Highlights from the opening ceremony of the 2014 Winter Olympics

TIME olympics

RECAP: Sochi’s Opening Ceremony

2014 Winter Olympic Games - Opening Ceremony
Performers with balloons representing St. Basil's cathedral. Clive Mason / Getty Images

Three-hour opening ceremony ended with the lighting of the cauldron

The Opening Ceremony of the Winter Olympics concluded in Sochi, Russia with a vivid display of fireworks and two legendary Russian ex-Olympians lighting the cauldron.
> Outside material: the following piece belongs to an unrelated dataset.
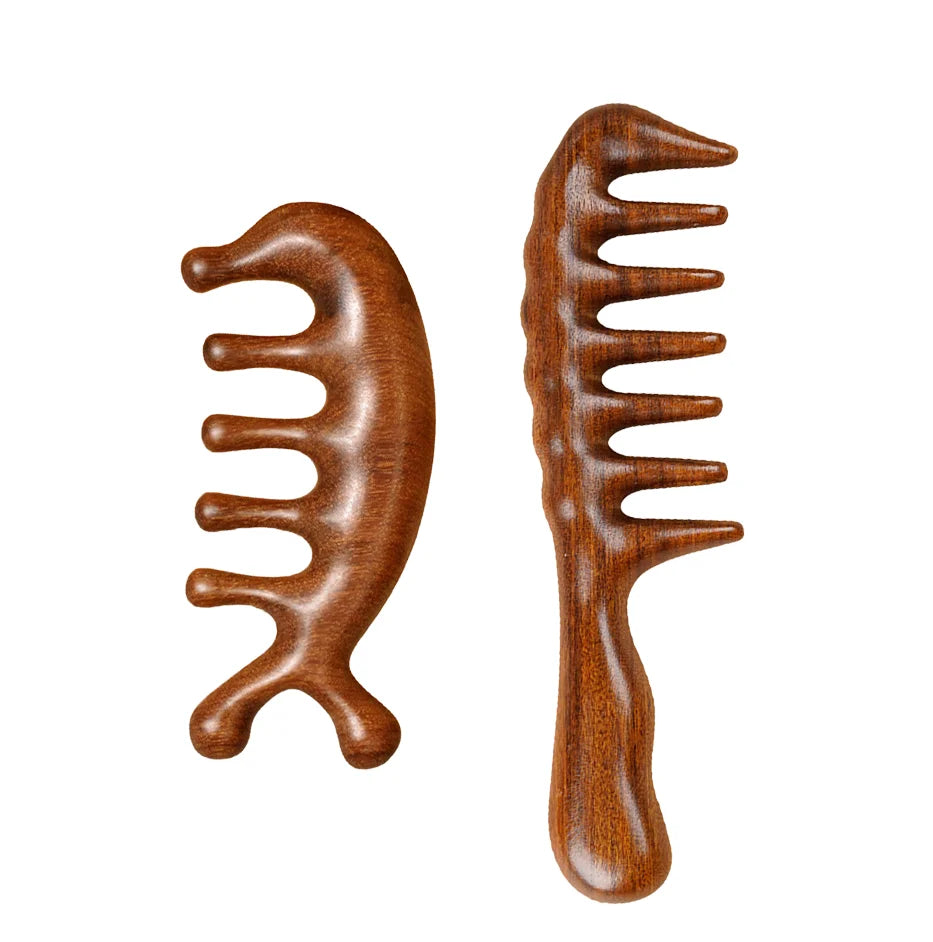 Natural Sandalwood Wide Tooth Massage Comb Set – Anti-Static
The spectacle may not remove the problems that clouded the build-up to the tournament: political controversies, terrorism fears and concerns over the venue’s preparedness remain. The Russians so far have responded with glum defiance; others still question the morality of holding the Games at this Black Sea resort. But that all now takes a backseat as the Games begin. Below is TIME’s live coverage of the glittering event.

1:55 p.m. | The cauldron at Sochi has been lit.

Sochi Olympics Opening Ceremony

Darron Cummings / AP

The Olympic Cauldron is lit during the opening ceremony of the 2014 Winter Olympics in Sochi, Russia, on Feb. 7.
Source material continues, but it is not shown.